Common Arizona Fishing License Mistakes Avoid These Before You Go
Buying another license when you only need a reprint
If you already bought a license, use the reprint option first. Do not pay twice because you lost the paper copy.
Forgetting youth age rules
Under 10 is different from ages 10–17. Youth ages 10–17 should check the youth combo license.
Assuming all seniors fish free
Arizona special and complimentary licenses have specific eligibility rules. Do not assume a simple age exemption.
Not saving offline proof
Many Arizona fishing spots have weak signal. Screenshot or print your license before you leave home.
Ignoring special regulations
Some waters have special bag limits, closures, or catch-and-release rules. Check the current regulation page before keeping fish.
Using the wrong account
If you already have an AZGFD account, recover it instead of creating a duplicate. Duplicate accounts can make license lookup harder.
Final Arizona Fishing License Checklist Before You Cast
- Check if the angler is age 10 or older.
- Choose General Fishing, Combination Hunt/Fish, Youth Combo, or Short-Term Combo based on your plan.
- Use the official AZGFD license portal when buying online.
- Confirm resident or nonresident status before checkout.
- Save proof as a screenshot and print a backup if possible.
- Use reprint if you already bought a license and lost proof.
- Consider auto-renewal if you fish every year.
- Check current Arizona Fishing Regulations before keeping fish.
- Call a license dealer before driving there in person.
- Do not rely on old screenshots, old blog posts, or social media comments for current rules.
Independent guide notice:
This article is a practical user guide and is not the official Arizona Game and Fish Department website. It is not legal advice. Always verify current license details, fees, renewal options, and fishing regulations with AZGFD before fishing.
Arizona Fishing License Online FAQ Buy, Renew and Print
Who needs an Arizona fishing license in 2026?
Arizona residents and nonresidents age 10 or older generally need a valid fishing or combination license when fishing publicly accessible water in Arizona, unless an official exemption applies.
How much is an Arizona fishing license?
The general fishing license is listed at $37 for residents and $55 for nonresidents. The resident combination hunt and fish license is $57, the nonresident combo is $160, and the youth combo license for ages 10–17 is $5.
Where can I buy an Arizona fishing license online?
You can buy an Arizona fishing license online through the official AZGFD license portal at license.azgfd.com. The portal also includes a reprint option.
Can I print my Arizona fishing license after buying online?
Yes. After buying online, print or save your license proof. If you lose it later, use the official AZGFD reprint option through the license portal.
How do I renew my Arizona fishing license?
You can renew by purchasing a new license through your AZGFD portal account when your current license is near expiration. Eligible licenses can also be enrolled in auto-renewal.

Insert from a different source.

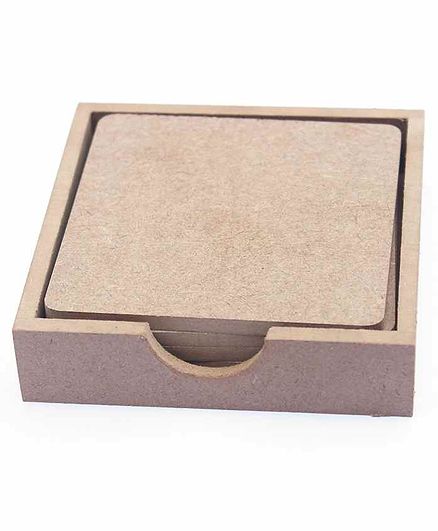 IVEI DIY Coasters with Holder - Brown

Does Arizona offer fishing license auto-renewal?
Yes. AZGFD offers auto-renewal for eligible fishing and combination licenses. You need an AZGFD portal account and must follow the auto-renewal setup steps inside your dashboard.
Do kids need an Arizona fishing license?
Youth under age 10 do not need a state fishing license in Arizona. Youth ages 10–17 can use the Youth Combination Hunt and Fish License, which is listed at $5 for residents and nonresidents.
How long is an Arizona fishing license valid?
Arizona fishing and combo licenses are valid for one year from the date of purchase. They are not simply calendar-year licenses.
Can nonresidents buy an Arizona fishing license online?
Yes. Nonresidents can buy Arizona fishing licenses online through the AZGFD license portal. The general nonresident fishing license is listed at $55, and short-term combo options are also available.
Do I need to carry my Arizona fishing license while fishing?
Yes. Required licenses must be in your possession while fishing. Keep a printed copy, a screenshot, or digital proof available before heading to the water.